The idea being that music can’t possibly be taken as a serious career endeavor.
The fact that no Super Bowl halftime artist has ever been paid is a particularly perplexing discovery. The likes of Paul McCartney, Beyoncé, Prince, the Who and others have all performed over the years. While it’s true that the audience can be as large as a staggering one hundred million people, it’s just another case of misplacing the value of “exposure.”
Ahead of last year’s Super Bowl, TIME ran an article on the NFL’s practice of not paying its superstar halftime acts. In the article, NFL Director of Programming Lawrence Randall said, “We’re putting someone up there for 12 and a half minutes in front of the largest audience that any television program garners in the United States. It’s a pretty good deal. It’s the famous win-win for both parties.”

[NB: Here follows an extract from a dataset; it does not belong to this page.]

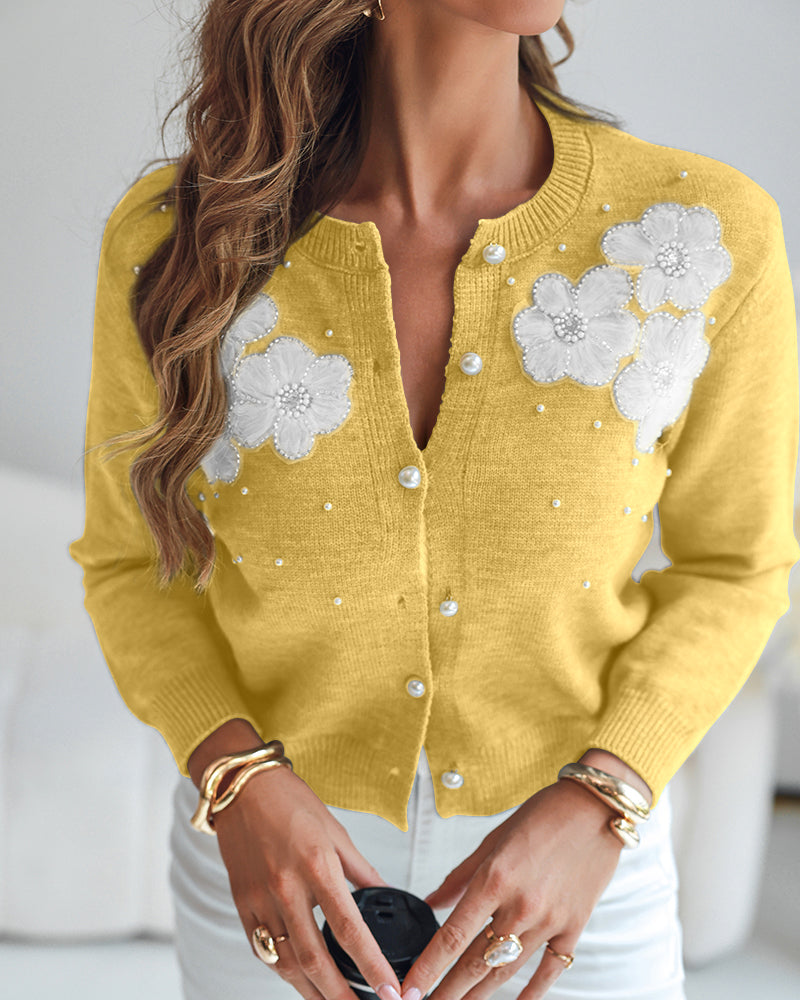 Single-Breasted Knit Cardigan with Floral Applique and Pearl Adornments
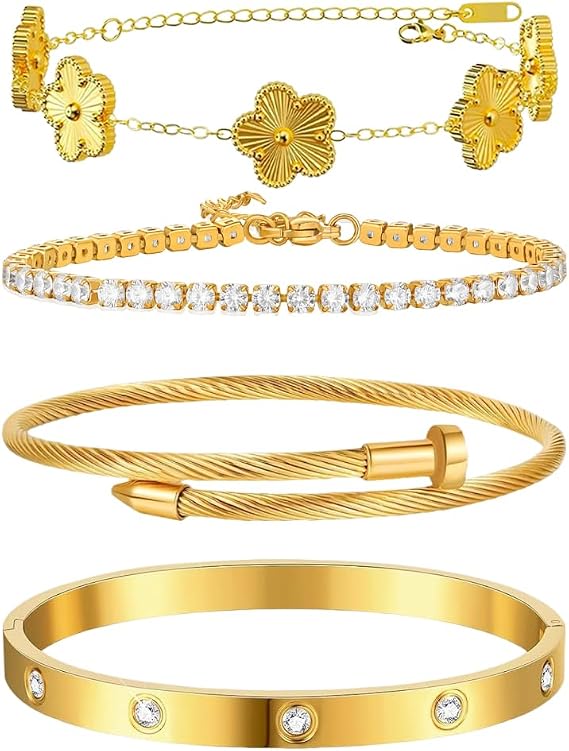 4 Pcs Gold Clover Bracelets for Women 18K Gold Plated Floral Bracelet Set Stackable Four Leaf Clover Bangle Bracelet Set Stainless Steel Bangles Non Tarnish Lucky Link Bracelets Jewelry Gifts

Given that a majority of the games have been decided by halftime over the years, the NFL, and the television network, definitely win by using high-profile performers to keep viewers tuned in. Oh, and those increasingly creepy and increasingly expensive commercial advertisements. It should also be noted that Roger Goodell, Commissioner of the NFL (a nonprofit by the way, the exempt status of which is frequently being called into question) earned $44.2 million in 2012. He’s definitely a winner.
The notion that artists would recoup on record sales is greatly over exaggerated, especially in the digital age of streaming services where sales are plummeting. Gold albums are rare and platinum sales are unheard of. (2013’s bestselling album, Justin Timberlake’s The 20/20 Experience, was “also the smallest-selling year-end No. 1 album since SoundScan began tracking music sales in 1991,” reported Billboard.) Even in times of robust record sales royalty rates have always been ridiculously low and labels recover the upfront costs first so the musicians, as always, are on the short end of the stick. So the other side of the win-win? That belongs to the labels, distributors and people in suits, not the artist. Bruno Mars’s sales reportedly jumped a mere 42,000 the week after his performance, which was as good as any I’ve seen.
With little economic payoff, why do the artists do it? Good question. Is it hubris? Possibly. Is it exposure? I like to quote Madison music luminary Clyde Stubblefield on that one: “Exposure? People can die from that, man!”